Develop a good SQL habit and bring a great fortune

Last Update:2016-03-17 Source: Internet

Author: User

Developer on Alibaba Coud: Build your first app with APIs, SDKs, and tutorials on the Alibaba Cloud. Read more ＞

We do software development, most people are inseparable from dealing with the database, especially the development of ERP, and database dealing with more frequent, storage process is thousands of rows, if the volume of data large, people flow, then I can also guarantee the next period of time the system can still run smoothly? So can the next person be able to understand my stored procedures? Then I combined with the company's usual training and personal work experience and share with you, I hope to help everyone.

To know the SQL statements, I think we need to know how SQL Server Query Analyzer executes the statement I have, a lot of people will look at the execution plan, or use profile to monitor and tune the query statement or the reason for the slow stored procedure, but if we know the query parser execution logical order, When the hands of the time to be confident, then the start is not a certain point?

One: The logical execution order of the query

(1) from < left_table>

(2) on < join_condition>

(3) < join_type> join < right_table>

(4) WHERE < where_condition>

(5) GROUP by < group_by_list>

(6) with {cube | rollup}

(7) Having < having_condition>

(8) SELECT (9) DISTINCT (one) < top_specification> < select_list>

(Ten) ORDER by < order_by_list>

The parsing order of standard SQL is:

(1). The FROM clause assembles data from different data sources

(2). The WHERE clause filters records based on the specified criteria

(3). The GROUP BY clause divides the data into multiple groupings

(4). Using aggregate functions for calculations

(5). Use the HAVING clause to filter the grouping

(6). Calculate All expressions

(7). Use order by to sort the result set

Two execution order:

1.FROM: Performs a cartesian product of the first two tables in the FROM clause to generate a virtual table VT1

2.ON: Apply on filter to VT1 table only rows that meet < join_condition> are inserted VT2

3.OUTER (Join): Adds rows that are not found in the OUTER join reservation table (preserved table) as outer rows to the VT2 Generate T3 If the from contains more than two tables repeat steps and steps for the result table and the next table generated by the previous junction directly end

4.WHERE: Apply a WHERE filter to vt3 only rows that make < where_condition> true are inserted VT4

5.GROUP by: Grouping rows in VT4 by the list of columns in the GROUP BY clause VT5

6.cube| ROLLUP: Inserts a Hyper-group (supergroups) into the VT6 generation VT6

7.HAVING: Apply a have filter to vt6 only groups that make < having_condition> true are inserted vt7

8.SELECT: Process SELECT list Generation Vt8

9.DISTINCT: Remove duplicate rows from vt8 to produce VT9

10.ORDER by: Sorts the rows of VT9 by the column list in the ORDER BY clause to generate a cursor VC10

11.TOP: Select a specified number or proportion of rows from the beginning of VC10 to generate vt11 and return the caller

See here, then used Linqtosql grammar a bit similar ah? If we understand the order of SQL Server execution, then we will further develop the daily good habit, that is, in the implementation of the function of the thinking of performance, the database is a tool to perform set operations, We should try our best to use this tool, the so-called set operation is actually a batch operation, is to minimize the large amount of data in the client loop operation, and the use of SQL statements or stored procedures instead.

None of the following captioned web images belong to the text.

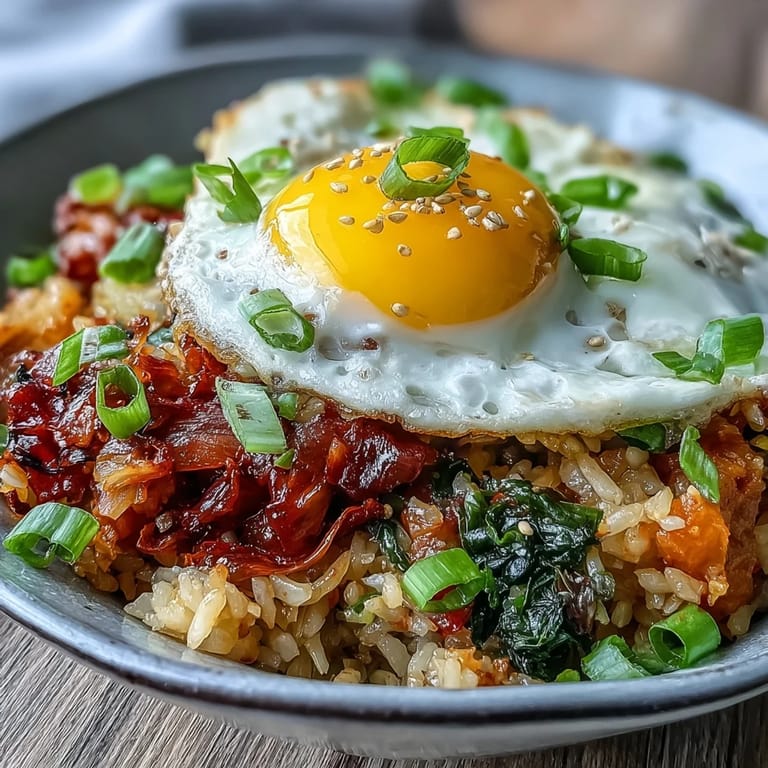 Hearty kimchi fried rice bowl, brimming with tender kimchi and savory goodness.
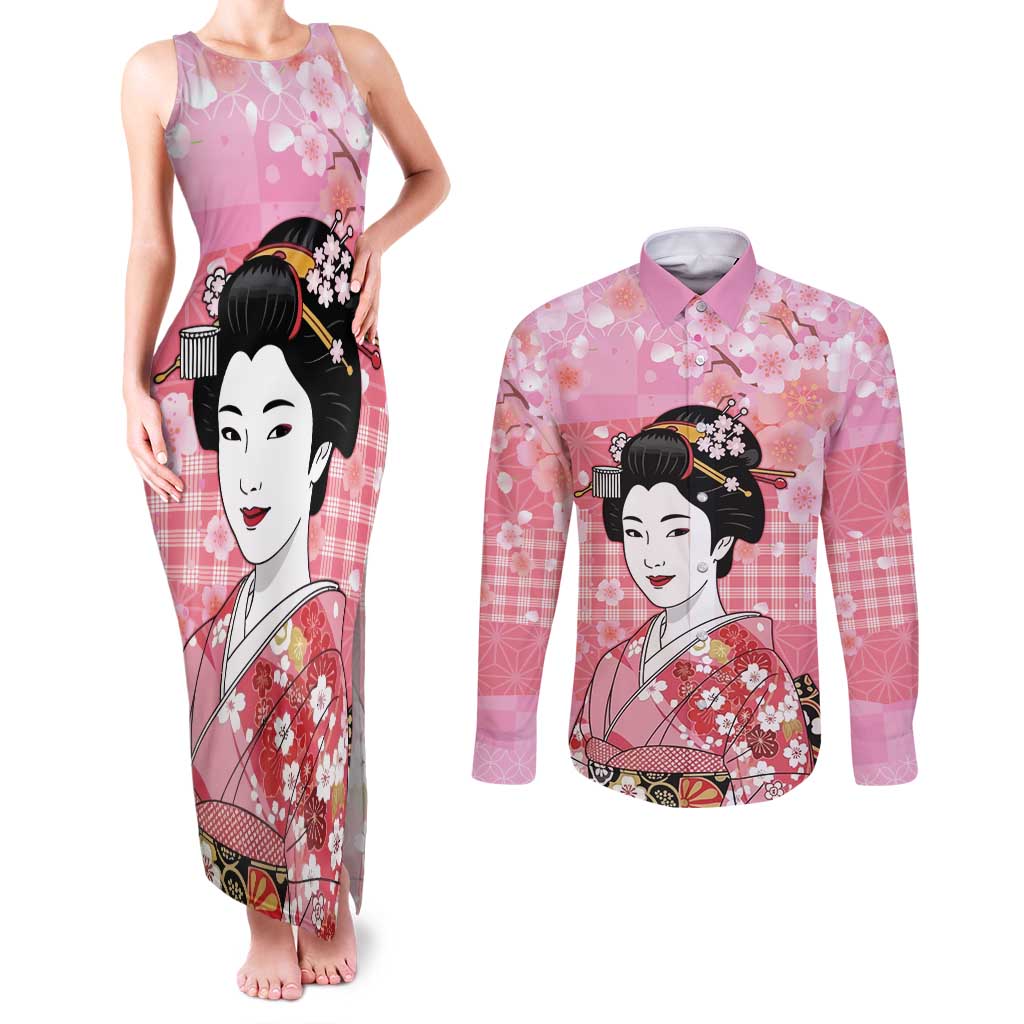 Japanese Geisha Cherry Blossom Couples Matching Tank Maxi Dress and Long Sleeve Button Shirt Pink Palaka Hawaii Pattern Fusion Design LT19 Pink - Polynesian Pride
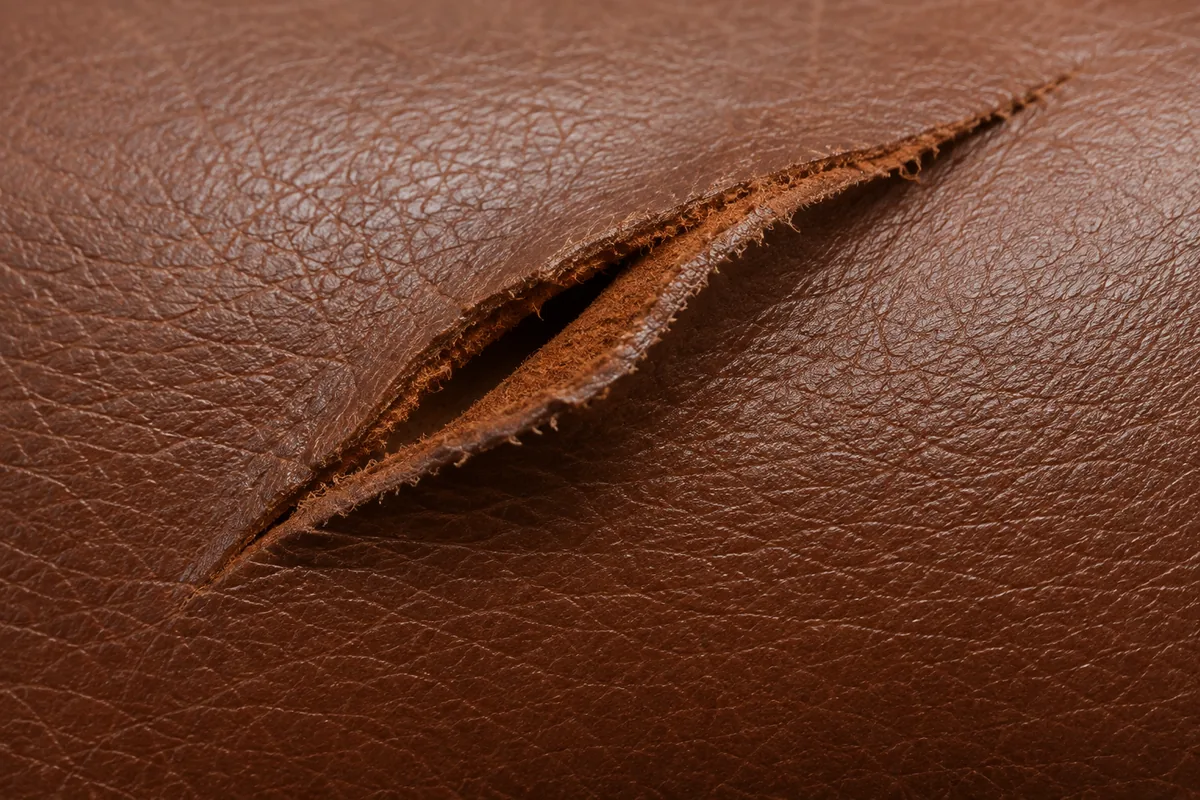 Close-up of brown leather that has split open, the edges parted to show the fibre underneath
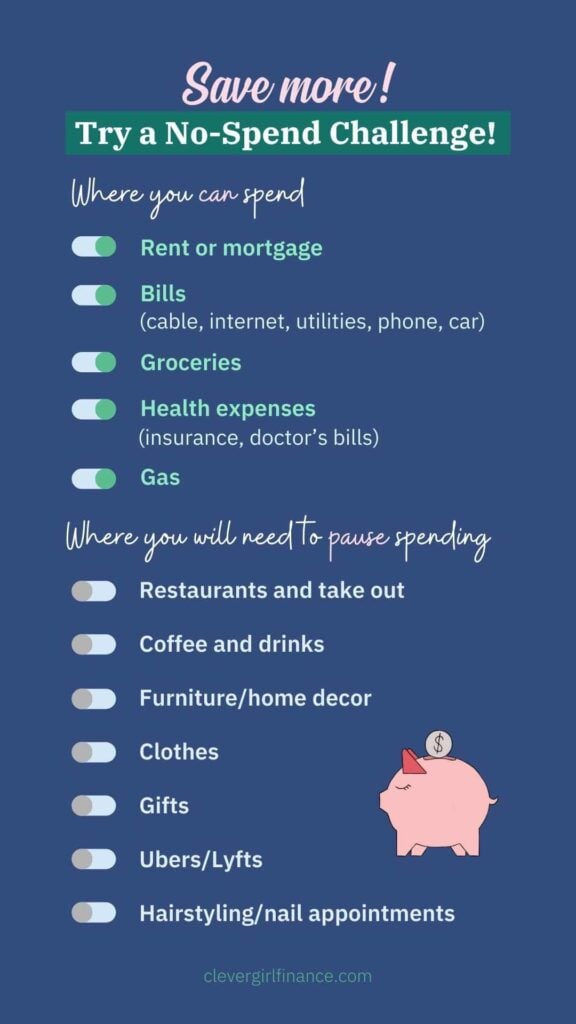 No spend challenge infographic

Iii. return only the data you need

The return data to the client needs at least the database extracts data, the network transmits the data, the client receives the data as well as the client processing data and so on, if returns the unnecessary data, will increase the server, the network and the client invalid labor, its harm is obvious, avoids this kind of event to need to notice:

A, Horizontal view

(1) Instead of writing the SELECT * statement, select the field you want.

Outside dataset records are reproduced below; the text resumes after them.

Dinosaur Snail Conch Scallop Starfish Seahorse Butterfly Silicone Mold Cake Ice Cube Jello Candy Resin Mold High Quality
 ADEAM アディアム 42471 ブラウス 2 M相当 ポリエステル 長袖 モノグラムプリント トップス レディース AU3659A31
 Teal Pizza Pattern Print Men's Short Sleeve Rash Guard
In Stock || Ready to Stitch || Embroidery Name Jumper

(2) When you concatenate multiple tables in an SQL statement, use the alias of the table and prefix the alias to each column. This reduces the time to parse and reduces the syntax errors caused by column ambiguity.

If there are tables table1 (id,col1) and table2 (id,col2)
Select a.id, A.col1, b.col2
--Select a.ID, col1, col2– do not write this, not conducive to future program expansion
From table1 A inner joins table2 B on a.id=b.id Where ...

B, longitudinal view

(1) write the WHERE clause reasonably, and do not write the SQL statement without where.

(2) SELECT TOP N *-Use this substitution without a where condition

Four: Try to do less repetitive work

A, control the execution of the same statement multiple times, especially the number of basic data execution is rarely noticed by many programmers.

B, reduce the number of data conversion, may require data conversion is a design problem, but the reduction is the programmer can do.

C, eliminate unnecessary sub-queries and join tables, sub-query in the execution plan is generally interpreted as an external connection, redundant connection table brings additional overhead.

D. Combine multiple update of the same condition on the same table, such as

UPDATE EMPLOYEE SET fname=' haiwer '
WHERE emp_id=' vpa30890f ' UPDATE EMPLOYEE SET lname=' YANG '
WHERE emp_id=' vpa30890f '

These two statements should be merged into one of the following statements

UPDATE EMPLOYEE SET fname= ' haiwer ', lname= ' YANG ' WHERE emp_id= ' vpa30890f '

E, update operation do not split into the form of delete operation +insert operation, although the function is the same, but the performance difference is very large.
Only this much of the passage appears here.